Registrasi produk beras sendiri diatur dalam Peraturan Menteri Pertanian (Permentan) Nomor 53/Permentan/KR.040/12/2018 tentang Keamanan dan Mutu Pangan Segar Asal Tumbuhan (PSAT). Pasal 2 menyebutkan, registrasi bertujuan melindungi konsumen serta meningkatkan kepastian usaha dan daya saing pangan segar asal tumbuhan.


Sesuai regulasi tersebut, pelaku usaha yang mengemas PSAT untuk diperdagangkan wajib mencantumkan label pada kemasan. Label minimal harus memuat nomor pendaftaran, nama produk, berat bersih atau isi bersih, serta nama dan alamat pihak yang memproduksi atau mengimpor PSAT ke Indonesia.


Sebagai tambahan, alasan utama mengapa registrasi produk beras sangat penting dan wajib diterapkan oleh seluruh pelaku usaha penggilingan serta distribusi:


  1. Menjamin Keamanan dan Mutu Produk
    Registrasi memastikan beras yang beredar memenuhi standar mutu dan uji keamanan, sehingga terhindar dari produk kadaluarsa, busuk, atau terkontaminasi bahan berbahaya.
  2. Melindungi Konsumen dari Kecurangan
    Registrasi menjamin konsumen memperoleh produk sesuai label, mencegah mereka tertipu membeli beras campuran atau kualitas rendah yang dikemas seolah premium.
  3. Mendorong Transparansi dan Keterlacakan
    Produk beras teregistrasi dapat ditelusuri hingga ke sumber produksi, mendukung sistem pangan yang akuntabel dan siap diaudit.
  4. Menjaga Tata Niaga dan Persaingan Sehat
    Hanya pelaku usaha yang mematuhi standar yang dapat bersaing di pasar, sehingga pelaku usaha jujur terlindungi dari persaingan tidak sehat.
  5. Mempermudah Pengawasan dan Kebijakan Pemerintah
    Data registrasi memudahkan pemerintah memantau pasar dan merumuskan kebijakan pangan yang tepat sasaran.
  6. Memastikan Legalitas Usaha
    Sebagai komoditas strategis, setiap beras yang diperdagangkan wajib memiliki registrasi dan izin edar.

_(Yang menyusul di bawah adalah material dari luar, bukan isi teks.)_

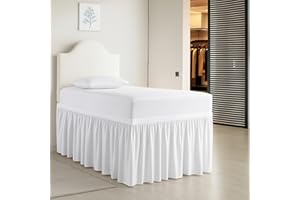 Cottington Lane Ruffled Dorm Room Bed Skirt Twin XL 32 Inch Drop, Hotel Quality Premium 1800 Brushed Microfiber Twin Extra Long College Dust Ruffle, White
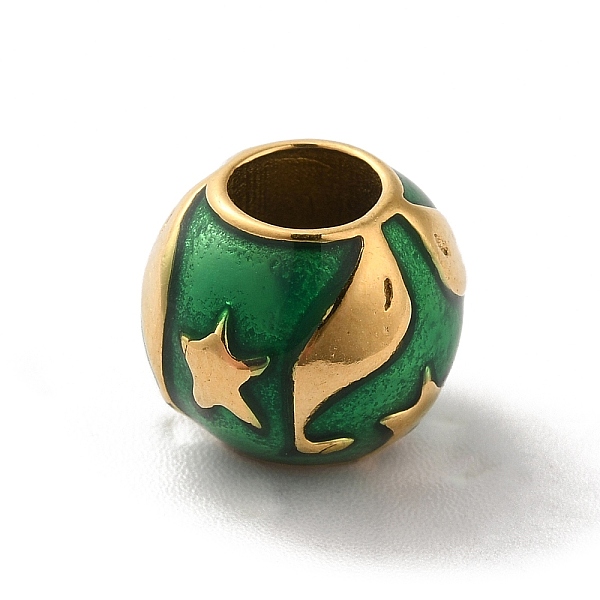 

PandaHall Ion Plating(IP) 304 Stainless Steel Enamel European Beads, Large Hole Beads, Rondelle with Dolphin & Starfish Pattern, Golden...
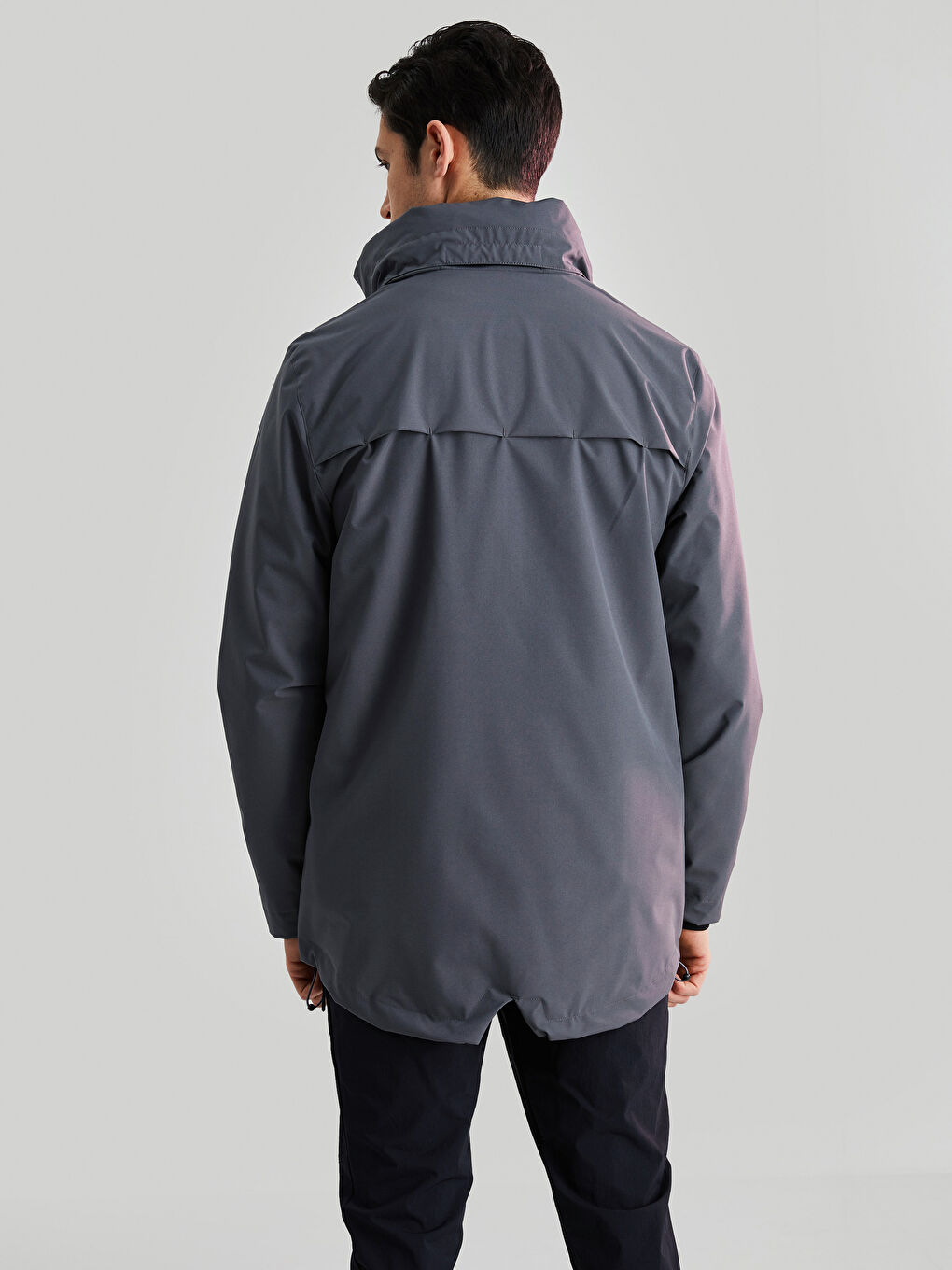 Antrasit Standart Kalıp Kapüşonlu Erkek Yağmurluk-4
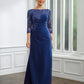 Kaylin Sheath/Column Chiffon Applique Bateau 3/4 Sleeves Floor-Length Mother of the Bride Dresses DEP0020280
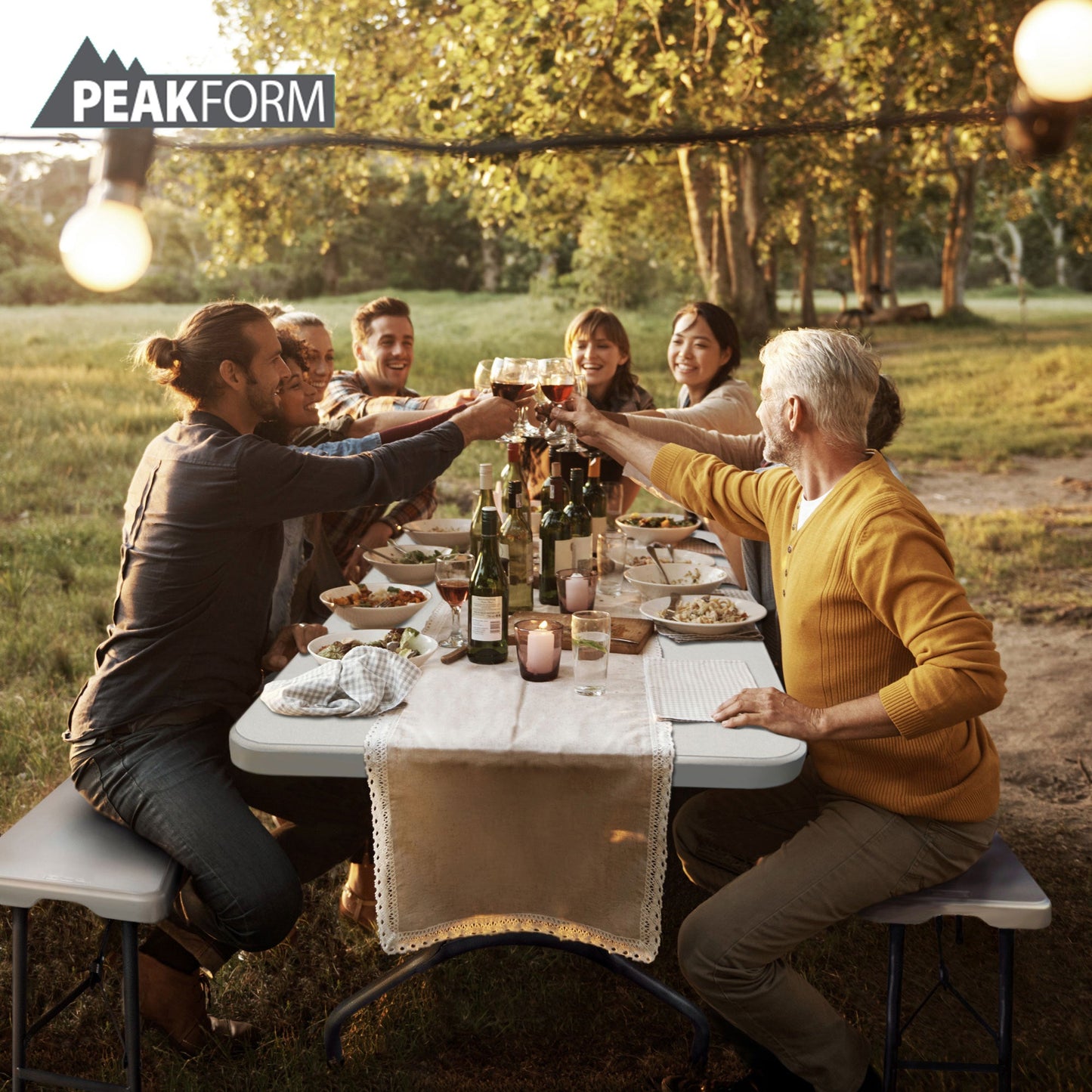 Peakform Compact Folding Banquet Table for Indoor or Outdoor Use, 6 Foot, White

Pelanggaran terhadap aturan ini bisa berujung pada sanksi administratif hingga pidana.

Langkah registrasi merupakan fondasi penting untuk menjaga ketahanan pangan nasional dan melindungi semua pihak dalam rantai pasok beras.(PW)


Redaksi dan Informasi pemasangan iklan

Artikel Lainnya

Panen Perdana PM-AAS di Sidrap Lampaui Target, Hasil Capai 11,2 Ton per Hektare

Panen Perdana PM-AAS di Sidrap Lampaui Target, Hasil Capai 11,2 Ton per Hektare

Pilarpertanian – Penerapan Program Pertanian Modern – Advanced Agricultural System (PM-AAS) kembali membuktikan keberhasilannya dalam meningkatkan produktivitas padi nasional. Setelah sebelumnya mencatat hasil ubinan mencapai 10,43 ton Gabah Kering Panen (GKP) per hektare di Kabupaten Brebes, Jawa Tengah, kini PM-AAS di Kabupaten Sidenreng Rappang (Sidrap), Sulawesi Selatan, mencetak capaian yang lebih tinggi. Panen perdana di […]

Mentan Amran Tegaskan Harga Beras Harus Terjangkau dan Sesuai HET di Seluruh Indonesia

Mentan Amran Tegaskan Harga Beras Harus Terjangkau dan Sesuai HET di Seluruh Indonesia

Pilarpertanian – Menteri Pertanian (Mentan) Andi Amran Sulaiman menegaskan bahwa harga beras harus sama dan sesuai ketentuan Harga Eceran Tertinggi (HET) di seluruh Indonesia. Hal ini disampaikan Mentan Amran setelah mengecek langsung ketersediaan beras di Alor, Sabtu (8/8). Mentan Amran memerintahkan Bulog dan jajaran terkait menjaga stok serta memastikan tidak ada lagi lonjakan harga hingga […]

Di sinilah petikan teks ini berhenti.